PPF Investment: The biggest advantage of investing in Public Provident Fund (PPF) is not only the great returns but also that the government itself guarantees the safety of your money invested in it. The maturity period of this scheme is 15 years.
PPF Investment: In today’s time, in this era of inflation, everyone wants to save some of their income and invest in such a place where they not only get a strong return but also the money is safe. In this case, PPF Scheme is quite popular and along with getting more than 7 percent return, the government itself guarantees the safety of your investment. If you look at a calculation, you can raise Rs 10 lakh through this government scheme by saving just Rs 100 every day. Let’s know how…
Benefit of 15 years maturity and compounding
In terms of investment, there are many such schemes available in the market, which are offering great returns. However, the risk factor is also high in most of them. But there is no chance of risk in PPF investment, rather the government itself protects your investment.

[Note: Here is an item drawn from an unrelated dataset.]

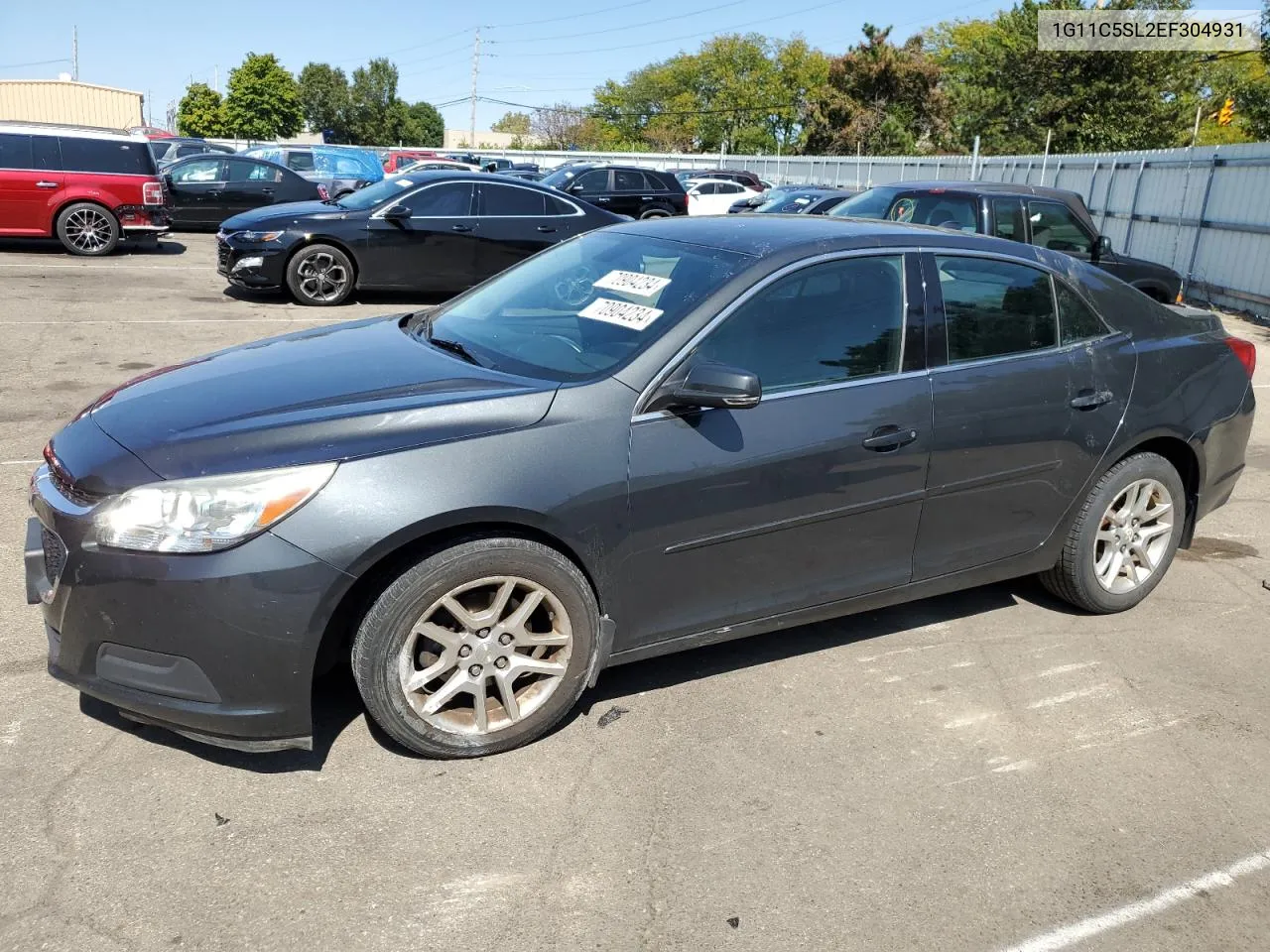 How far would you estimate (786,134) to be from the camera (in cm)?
10531

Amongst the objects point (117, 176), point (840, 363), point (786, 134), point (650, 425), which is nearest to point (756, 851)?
point (650, 425)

This account matures in 15 years and if the investor wants, he can extend it further. Apart from this, another benefit makes it popular as the best option, which is compounding, yes, the return on investment in PPF is given according to compound interest.
Minimum investment of Rs 500
By opening an account in this government scheme, you can start investing with just Rs 500 annually and can deposit a maximum of Rs 1.50 lakh in a year. If we look at the interest rate on investment in this, an interest rate of 7.1 percent is offered. However, it keeps getting changed by the government. The special thing is that by investing in this scheme, you can get more interest than the fixed deposit (FD Scheme) of many banks.
Now if we look at the calculation of getting Rs 10 lakh by saving Rs 100 daily, then according to this, you can save Rs 3000 every month and according to this, your one year savings will be Rs 36,000. Now if we look at the PPF calculator, if you invest in this manner till the maturity period of 15 years, then you will get a total of Rs 9,76,370. In this, the investment made by you will be Rs 5.40 lakh, while the interest given by the government will be Rs 4,36,370.
You will get Rs 15 lakh in 20 years
Now as told that you can extend your PPF investment even after maturity, so in such a situation, if this investment is continued for 5 years, then more than double returns will be obtained. You will invest a total of Rs 7,20,000 in these 20 years and you will get Rs 8,77,989 from the interest alone. In such a situation, by saving just Rs 100 per day, you will have a fund of Rs 15,97,989 in 20 years.